2. In the Methods section, please consider addressing patients undergoing calcimimetic treatment. If included, add calcimimetics to the current medication history and consider them as a confounding variable in statistical analysis.

3. In the Study Measures section, please provide more details regarding the dosage of the parathormone kit.

4. In the Analysis Plan, please explicitly mention the variables used in regression analysis.

5. In the Results section, address the very low level of 25-hydroxyvitamin D. Explain how the authors interpret this data.

6. In Table 1, please define the history of the type of transplant being referred to.

7. In Table 1, please include data regarding inactive vitamin D supplementation.

8. In Figure 1, please ensure that the groups are consistently divided into non-osteoporosis and osteoporosis, as the figure currently reports data categorized into three groups.
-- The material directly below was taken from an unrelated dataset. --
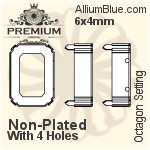 PREMIUM Octagon Setting (PM4610/S), With Sew-on Holes, 10x8mm, Plated Brass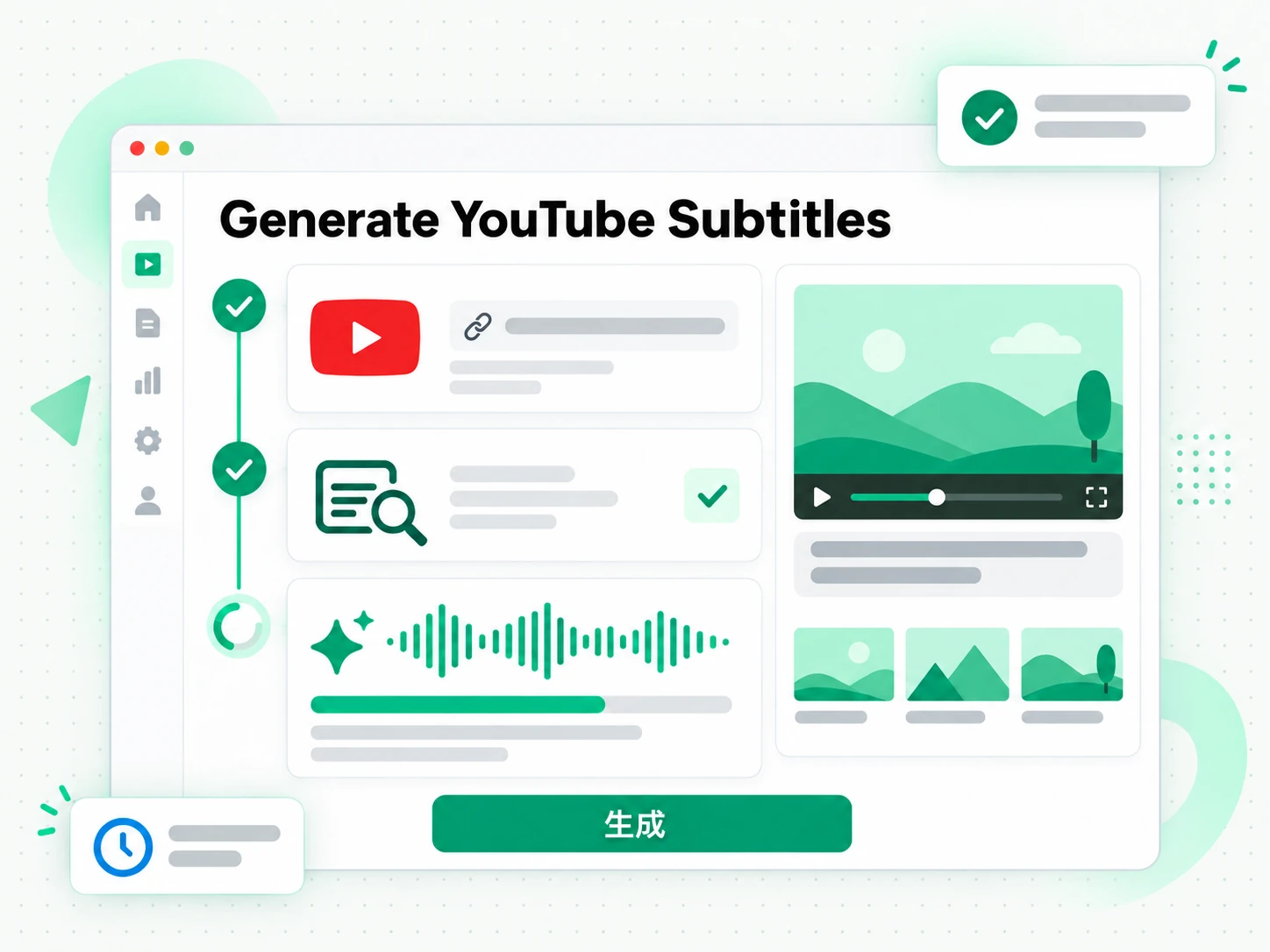 Generate YouTube Subtitles:粘贴 YouTube 链接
Please, homogenize the data.

9. In the Background Characteristics of the Patients (line 157, page 8), pleae note that the figure 1 in the brackets (Bone Mineral Density Distribution) does not match with the text (vitamin D lab results).
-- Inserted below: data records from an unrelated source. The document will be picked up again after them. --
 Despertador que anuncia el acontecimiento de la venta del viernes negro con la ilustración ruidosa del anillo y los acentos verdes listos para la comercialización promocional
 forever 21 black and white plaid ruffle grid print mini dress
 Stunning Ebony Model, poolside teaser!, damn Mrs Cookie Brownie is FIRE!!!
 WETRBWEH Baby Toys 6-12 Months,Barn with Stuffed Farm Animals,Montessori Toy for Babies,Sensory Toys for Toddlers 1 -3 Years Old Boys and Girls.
10. Tables 2 and 3: Divide Univariate and Multivariate analyses into two separate tables.

11. In the Discussion, please highlight the strengths of this study.

12. Please perform an extensive English language revision.

[Note: HTML markup is below. Please do not edit.]

Reviewers' comments:

Reviewer's Responses to Questions

Comments to the Author

1. Is the manuscript technically sound, and do the data support the conclusions?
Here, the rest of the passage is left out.